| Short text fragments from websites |
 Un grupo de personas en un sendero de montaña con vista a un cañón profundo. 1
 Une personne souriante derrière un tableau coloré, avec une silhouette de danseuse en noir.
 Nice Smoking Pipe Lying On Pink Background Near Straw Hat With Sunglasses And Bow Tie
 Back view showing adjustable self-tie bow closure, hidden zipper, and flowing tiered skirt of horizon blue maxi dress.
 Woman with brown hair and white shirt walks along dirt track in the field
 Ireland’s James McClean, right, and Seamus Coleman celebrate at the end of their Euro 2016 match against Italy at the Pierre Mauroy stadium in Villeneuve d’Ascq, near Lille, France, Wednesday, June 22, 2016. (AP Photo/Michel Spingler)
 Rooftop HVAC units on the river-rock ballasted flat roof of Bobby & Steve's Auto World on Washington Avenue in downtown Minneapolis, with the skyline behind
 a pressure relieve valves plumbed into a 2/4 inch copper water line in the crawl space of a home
--
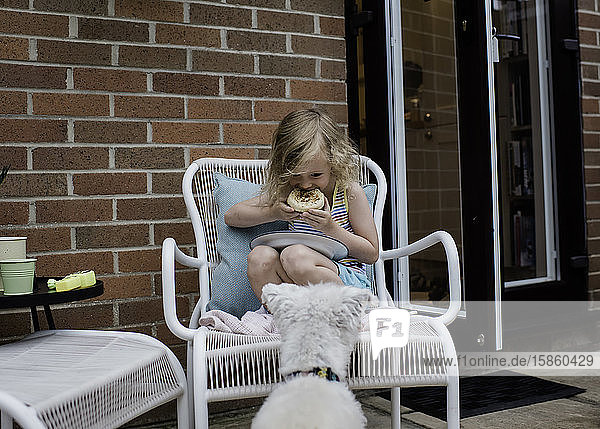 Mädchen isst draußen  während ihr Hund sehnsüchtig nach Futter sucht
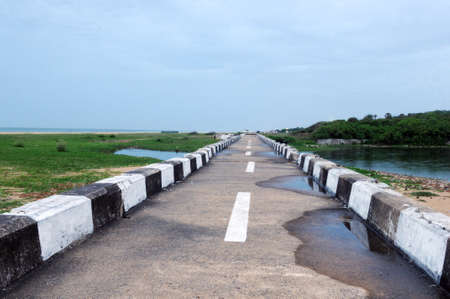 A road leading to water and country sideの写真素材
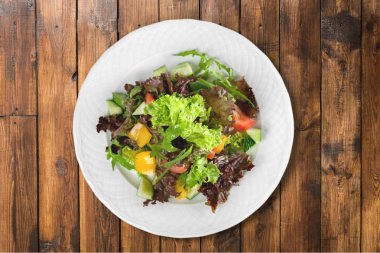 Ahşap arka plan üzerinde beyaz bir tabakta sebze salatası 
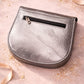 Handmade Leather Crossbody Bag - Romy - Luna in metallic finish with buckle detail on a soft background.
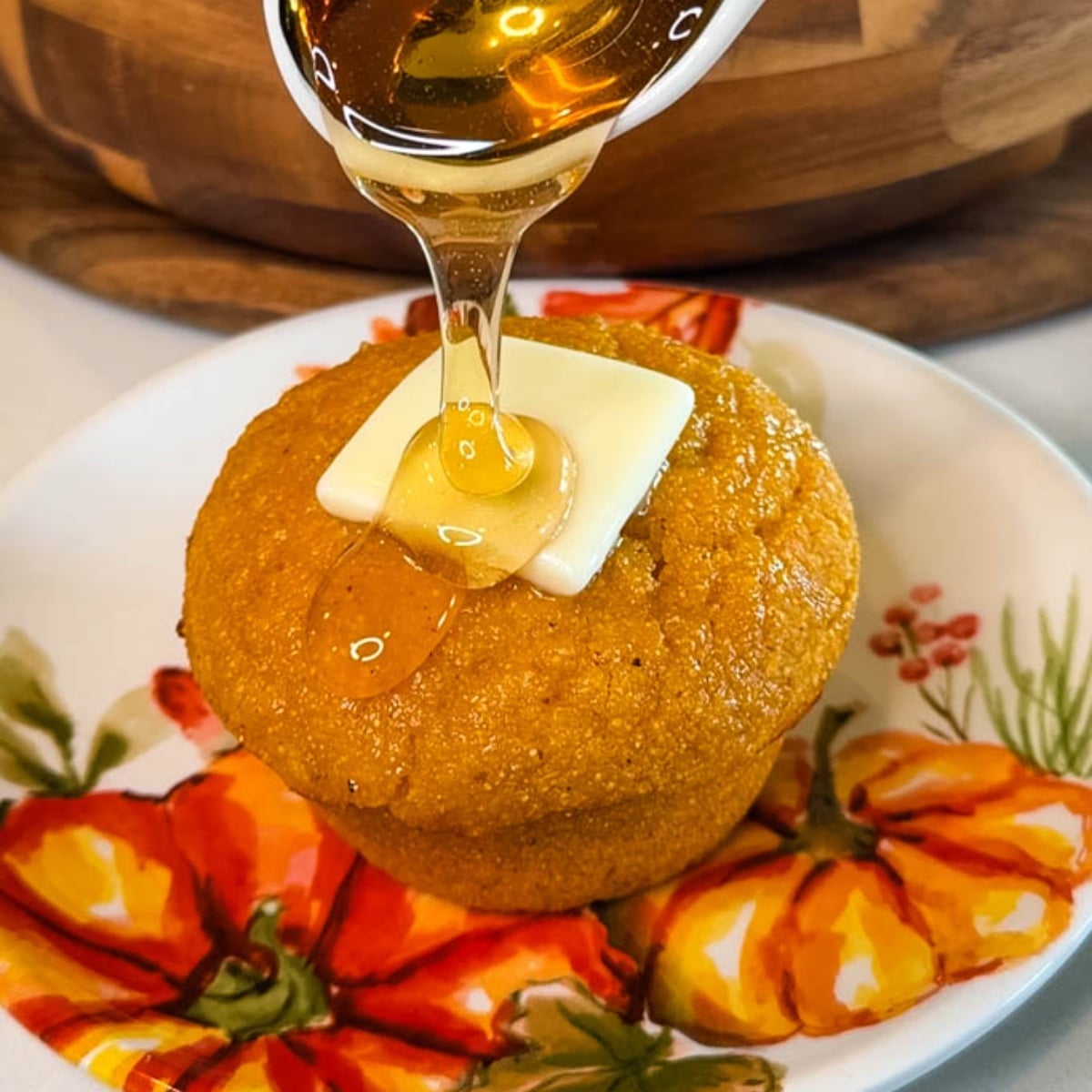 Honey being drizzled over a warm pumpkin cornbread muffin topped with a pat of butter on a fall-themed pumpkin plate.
...
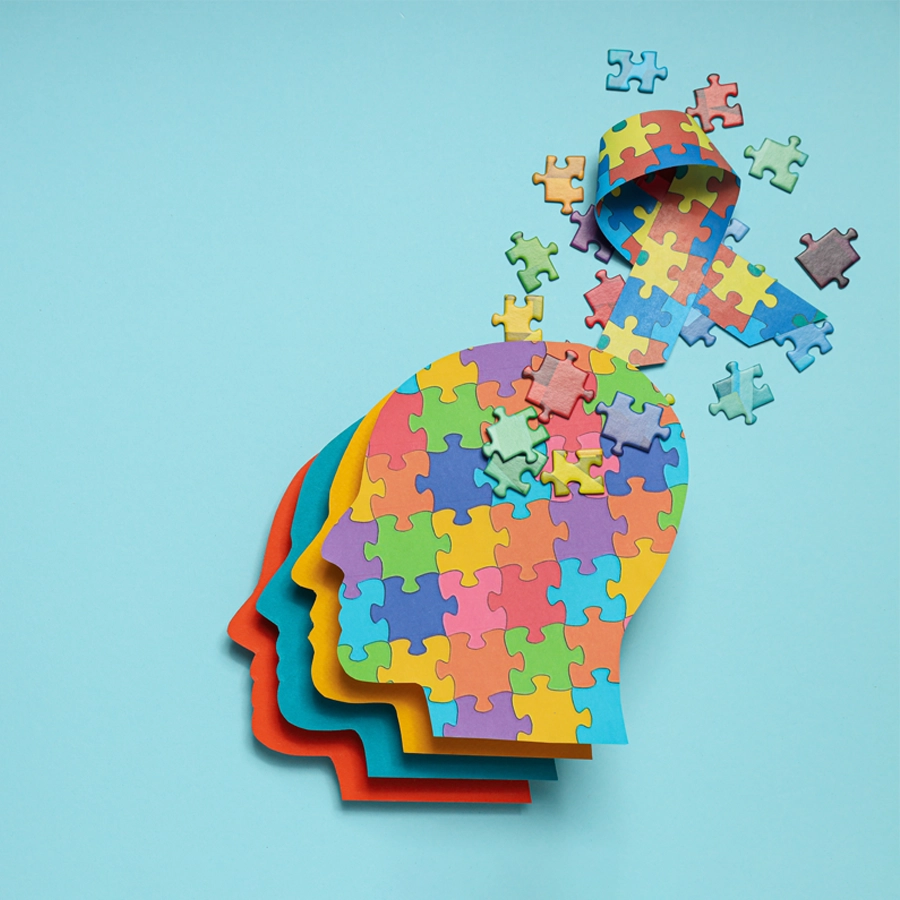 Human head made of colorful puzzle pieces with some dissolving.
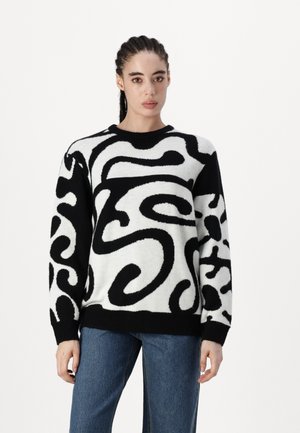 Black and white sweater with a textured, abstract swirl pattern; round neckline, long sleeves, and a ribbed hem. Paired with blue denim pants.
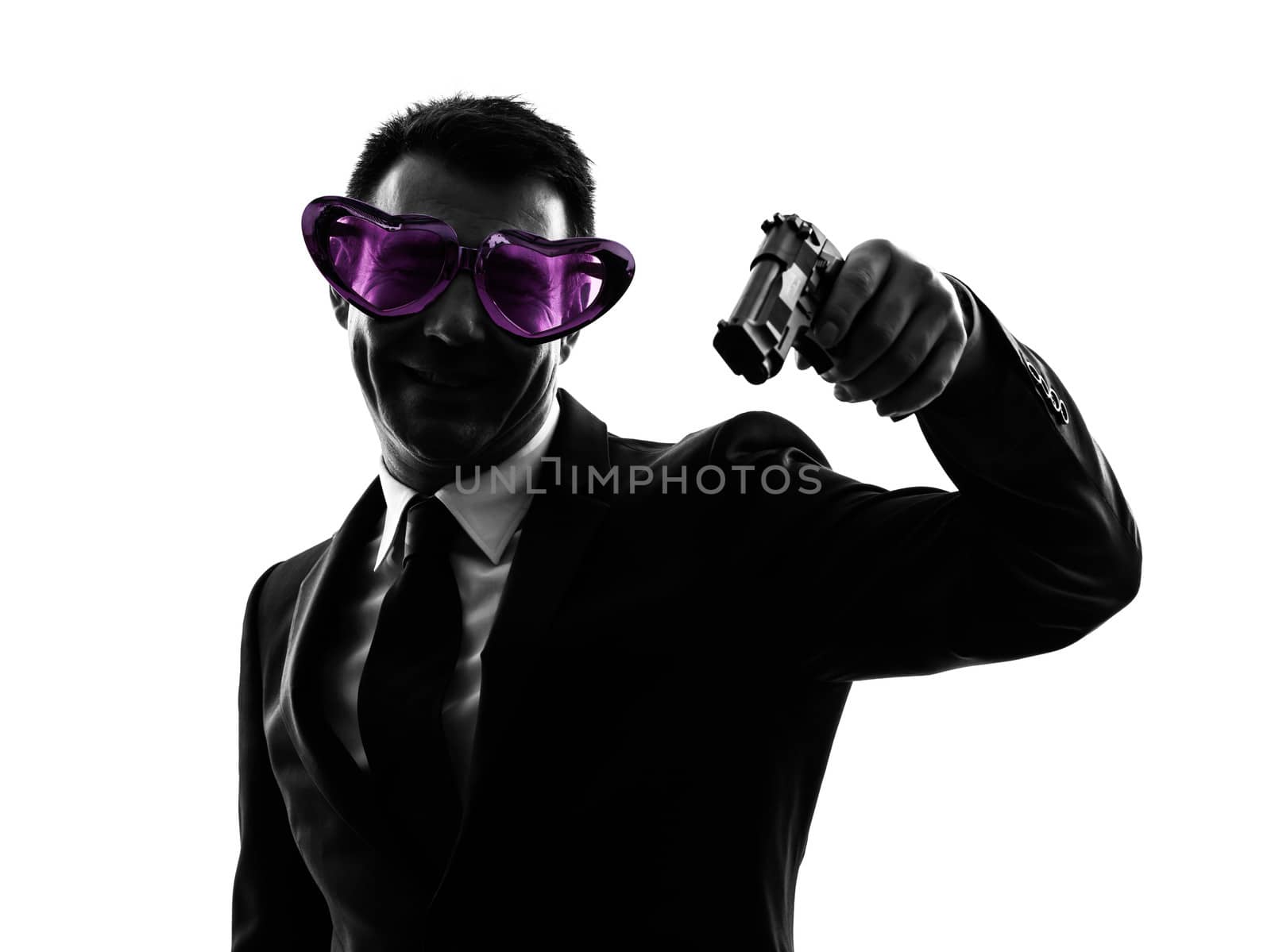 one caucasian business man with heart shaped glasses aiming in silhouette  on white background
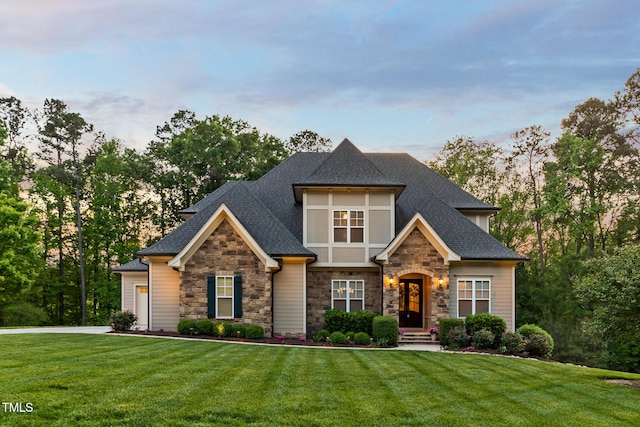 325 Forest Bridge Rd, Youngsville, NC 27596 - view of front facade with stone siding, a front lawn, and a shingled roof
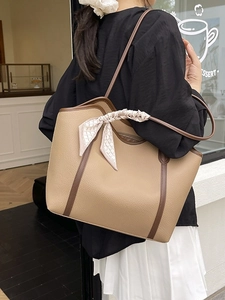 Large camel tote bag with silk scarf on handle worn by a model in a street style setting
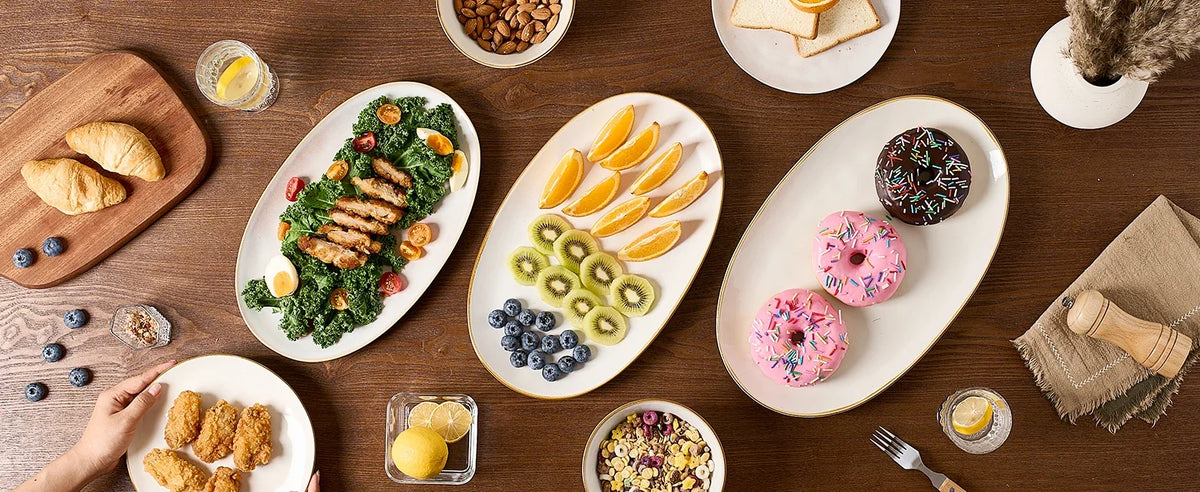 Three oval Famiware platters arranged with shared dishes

| Goal of the exercise |
Your answer must be the lines above from the one containing "Un grupo de" to the one containing "a pressure relieve", both included, restated word for word.

| Exercise result |
 Un grupo de personas en un sendero de montaña con vista a un cañón profundo. 1
 Une personne souriante derrière un tableau coloré, avec une silhouette de danseuse en noir.
 Nice Smoking Pipe Lying On Pink Background Near Straw Hat With Sunglasses And Bow Tie
 Back view showing adjustable self-tie bow closure, hidden zipper, and flowing tiered skirt of horizon blue maxi dress.
 Woman with brown hair and white shirt walks along dirt track in the field
 Ireland’s James McClean, right, and Seamus Coleman celebrate at the end of their Euro 2016 match against Italy at the Pierre Mauroy stadium in Villeneuve d’Ascq, near Lille, France, Wednesday, June 22, 2016. (AP Photo/Michel Spingler)
 Rooftop HVAC units on the river-rock ballasted flat roof of Bobby & Steve's Auto World on Washington Avenue in downtown Minneapolis, with the skyline behind
 a pressure relieve valves plumbed into a 2/4 inch copper water line in the crawl space of a home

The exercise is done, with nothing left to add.